Pore-level structural characterization of morphologically complex CO2RR electrodes
Francesca Lorenzutti a, Sophia Haussener a
a Ecole Polytechnique Federale de Lausanne (EPFL), Lausanne, Switzerland
Materials for Sustainable Development Conference (MATSUS)
Proceedings of nanoGe Fall Meeting 2021 (NFM21)
#SolCat21. (Photo-)Electrocatalysis: From the Atomistic to System Scale
Online, Spain, 2021 October 18th - 22nd
Organizers: Karen Chan, Sophia Haussener and Brian Seger
Contributed talk, Francesca Lorenzutti, presentation 141
DOI: https://doi.org/10.29363/nanoge.nfm.2021.141
Publication date: 23rd September 2021

Increasing the structural complexity of (photo)electrodes is a possible approach to obtain higher activities and selectivities in – for example – CO2 reduction or oxygen evolution. Many synthesis methods produce random, porous morphologies in which the chemical and physical conditions may vary significantly with respect to the bulk, affecting activity and selectivity towards the desired product.

Here, we use a combined experimental-numerical technique to obtain, digitalize and quantitatively characterize morphologically complex (photo)electrodes. The material is digitally reconstructed starting from a physical sample investigated by means of the FIB-SEM nanotomography technique, with resolution of up to 4 nm in the three dimensions. The obtained image stacks are processed to obtain a digitalized representation of the morphology, which subsequently can be quantitatively characterized and used in pore-level transport simulations.

We present quantitative morphological characterization of the catalyst layer of five CO2 reduction gas diffusion electrodes. We calculated and compared roughness factor, specific area, connected volume, volume fraction profile, opening size distribution, chord length distribution, and two points correlation, providing a range of parameters difficult or impossible to obtain through experimental methods giving quantitative insight on electrode morphologies.

The digitalized morphologies can be meshed and used as geometrical domain in simulations for the characterization of transport properties and the extraction of effective physical properties (e.g. effective diffusivity or absorption coefficient) or in direct coupled pore-scale simulations for the characterization of operando physical and chemical conditions within the pores.
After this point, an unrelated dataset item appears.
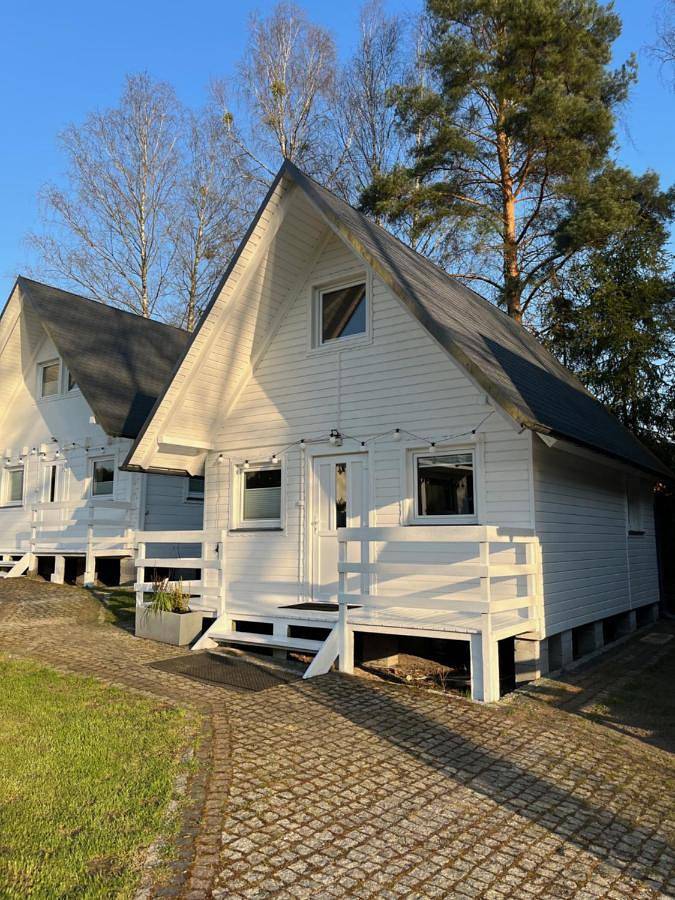 Domki nad jeziorem Kazub in Bory Tucholskie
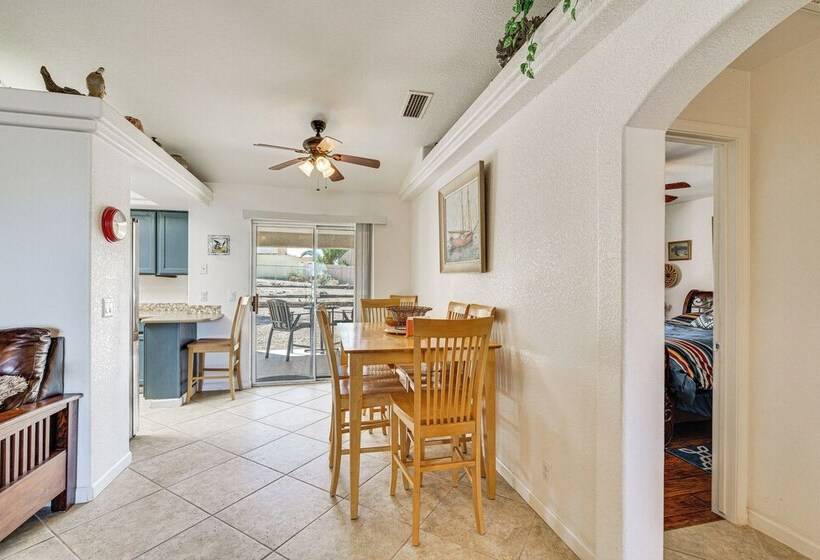 Lake Havasu Home W/ Hot Tub, Grill & Fire Pit!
The presented methodology is widely applicable, and will allow to shine some light on the link between morphology and physical properties of materials.

The research leading to these results has received funding from the European Union’s Horizon 2020 research and innovation programme under the Marie-Skłodowska-Curie grant agreement No. 861151 and under SELECTCO2 grant agreement No. 851441.